Just want to introduce myself. My name is Bobby, and the Cheetoh is Grimalkin ("Grim"), as the screen name implies  

Grim just came to live with my girlfriend, her Jerk Russell Terror, and myself last Saturday. He's just shy of 6 months old and already weighs 10 pounds. Aside from the new house/new people jitters, he's been great so far. I'm looking forward to many years with my big boy. Here he is:










For those that don't know the breed, he's a Cheetoh. Grimalkin is a grey ghost cat from Celtic lore that roams the Scottish Highlands. It was also the name of Nostradamus's cat and the name of the witches cat in MacBeth. Literally translated, it means "Grey Demon". 
He should reach around 20-25 pounds when he's full grown. Here's a few pics. 



















So far so good with the dog









big Cheshire Cat grin









BIG paws that he's going to grow into.










Looking forward to participating in the boards here.

Bobby


----------



## marie73

Welcome!

He's gorgeous!!!! Love his stripes - and his grin. :grin:



> her Jerk Russell Terror


Love it!


----------



## Susan

He's stunning! And he's definitely a big boy!


----------



## focus503

Grey Demon. 

That has much awesome.


----------



## Dave_ph

The dog looks nervous like, "How big is he gonna get?"


----------



## GrimalkinTheCheetoh

The dog should be nervous! Nah, not really. He's very mild mannered, especially for a kitten. He thinks the dog is cool, but gets nervous when the dog starts playing and gets hyper. Then he hides under the table for a bit.
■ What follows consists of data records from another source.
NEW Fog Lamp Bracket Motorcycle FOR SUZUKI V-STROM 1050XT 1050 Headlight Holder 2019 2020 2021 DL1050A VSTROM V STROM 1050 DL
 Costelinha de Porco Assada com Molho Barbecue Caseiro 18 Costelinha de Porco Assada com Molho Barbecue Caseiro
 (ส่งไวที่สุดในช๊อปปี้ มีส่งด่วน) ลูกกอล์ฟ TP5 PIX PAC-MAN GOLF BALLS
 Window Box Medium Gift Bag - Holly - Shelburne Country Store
Luckily, this particular Jerk Russell Terror is very friendly and not aggressive at all like most Jacks are. 

Grim is coming out his shell a little more every day. He is still VERY vocal though. He will definitely let you know what's on his mind. So far, he has about a 4 foot vertical leap when chasing the feather toy. 

Watching him grow up is going to be a lot of fun. 

I've had cats for most of my 34 years, save for the last couple years when our 22 year old kitty finally passed away and my beautiful torty went outside to play and ran across a coyote. I still miss him.

Grim fills that void though. 

Bobby


----------